Destaques Arquivo MPR #26
Não é nada óbvio encontrar no Arquivo dos Presidentes – MPR um cartão-de-visita de Tommaso Cannizzaro (1838-1921), figura da literatura italiana que viveu a maior parte da vida no século XIX. Os arquivos são mesmo uma fonte inimaginável de informação! O curioso é que há mais documentos deste siciliano: poeta, tradutor, crítico literário e lusófilo (amigo da cultura portuguesa).
É através do Presidente Teófilo Braga que nos chega esta documentação e percebe-se a razão – a literatura. Quando foi Presidente da República, no curto período entre maio e outubro de 1915, Teófilo tinha já décadas de trabalho como poeta, investigador, ensaísta, professor. Tinha também alimentado uma grande teia de relações nacionais e internacionais.
No fim do século XIX, generalizou-se o estudo das línguas, numa ampla perspetiva linguística, etnográfica e histórica. Este interesse nacional espoletou também um olhar para fora, abrindo campo a uma troca muito rica entre pares de diferentes países. Compreende-se, pois, que no arquivo de Teófilo Braga se encontre correspondência, além de Canizzaro, também de Edgar Prestage, Maxime Formont, Goran Björkmann e Wilhelm Storck, tradutores, estudiosos, divulgadores da cultura portuguesa nos seus países, verdadeiros lusófilos.
Esta tendência – a que hoje chamaríamos multicultural – concretizou-se em inúmeras traduções, artigos, edições coletivas e poliglotas.
Foi neste contexto que Tommaso Cannizzaro pediu a Teófilo Braga que participasse numa antologia sobre o amor, a editar em língua italiana. Saiu em cinco volumes Il libro dell’ amore: [recolha de poesia italiana e estrangeira traduzida por Marco Antonio Canini], editados entre 1885 e 1890, com poemas traduzidos de 164 línguas e dialetos. Além de Teófilo, reuniu versos de Camões, Bocage, Antero de Quental, João de Deus, Bulhão Pato, entre outros.
No mesmo espírito se publicou, em 1894, o poema Zara[1], à maneira de epitáfio, escrito por Antero de Quental. Dedicou-o ao amigo Joaquim de Araújo – outra figura deste circuito intelectual –, poucos dias depois da jovem irmã ter falecido. Do português, foi traduzido para cerca de 80 línguas e dialetos, e Cannizzaro assinou a tradução de duas versões do italiano, do siciliano e do francês.

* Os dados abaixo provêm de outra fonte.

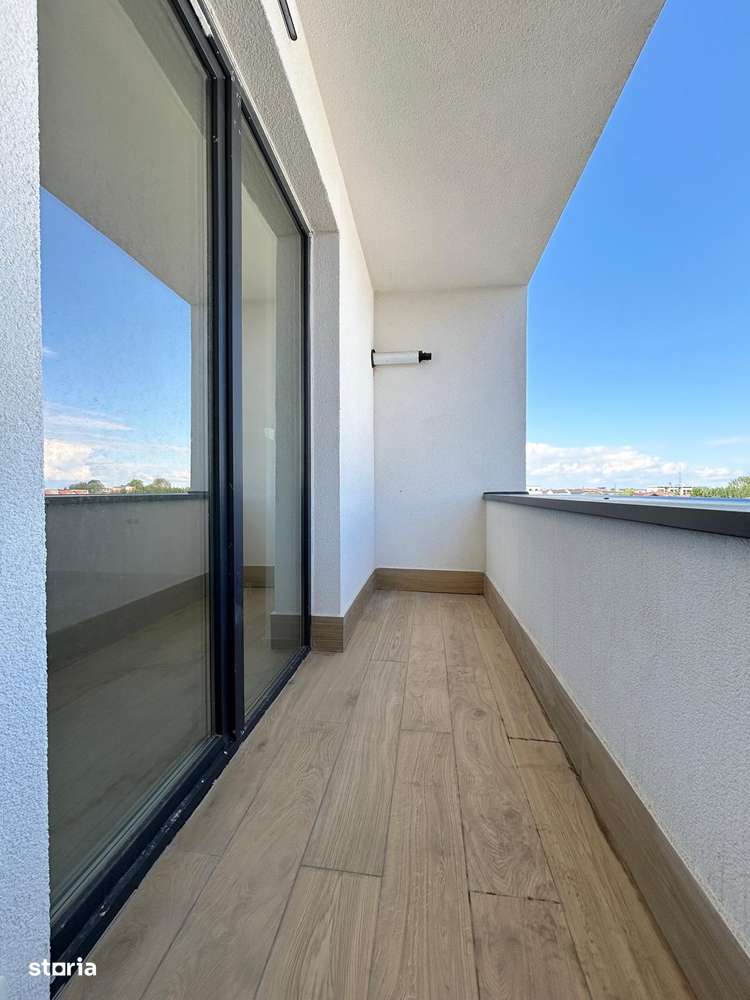 Studio modern cu terasă și parcare – preț promoțional 65.000 € - Imagine principală: 5/6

No cartão pessoal que aqui destacamos, com a morada de Tommaso Cannizzaro – Bocetta, Villa Landi –, na cidade de Messina, na Sicília, lê-se: «auguri», escrito à mão. Associando a cartões-de-visita de outras pessoas, alguns com data, percebe-se que terá sido enviado pelo aniversário de Teófilo Braga, em fevereiro. «Auguri» significa felicidades, boa sorte, mas também feliz aniversário; em italiano «parabéns a você» canta-se «tanti auguri a te».
Os originais do arquivo do Presidente Teófilo Braga conservam-se na Biblioteca e Arquivo Regional de Ponta Delgada. Fruto de um acordo, o Museu da Presidência reproduziu toda a documentação, possibilitando que ambas as instituições a disponibilizem atualmente em linha.

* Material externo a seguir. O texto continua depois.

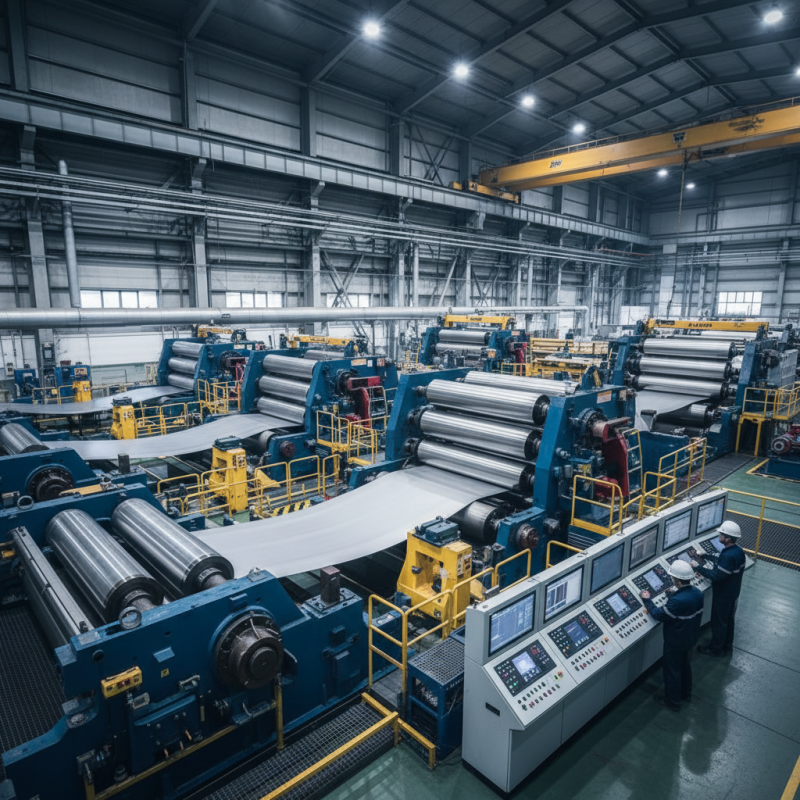 Best Tandem Cold Rolling Mill Techniques for Optimal Performance?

Tommaso Cannizzaro é hoje uma figura da cultura nacional italiana e europeia. Há poucos anos, a Universidade de Messina e o Instituto de Estudos de Literatura e Tradição da Universidade Nova de Lisboa organizaram uma jornada de estudos intitulada: «Tommaso Cannizzaro – Voce messinese Voce europea», sinal do interesse científico que a sua obra continua a merecer, da mesma maneira que a obra de Teófilo Braga.
* Os documentos originais integram o acervo da Biblioteca Pública e Arquivo Regional de Ponta Delgada.
[1] Consultámos uma edição recente: Antero de Quental - Zara, edição poliglota. Organização, introdução e notas de Andrea Ragusa. Lisboa: Edições Saguão, 2022.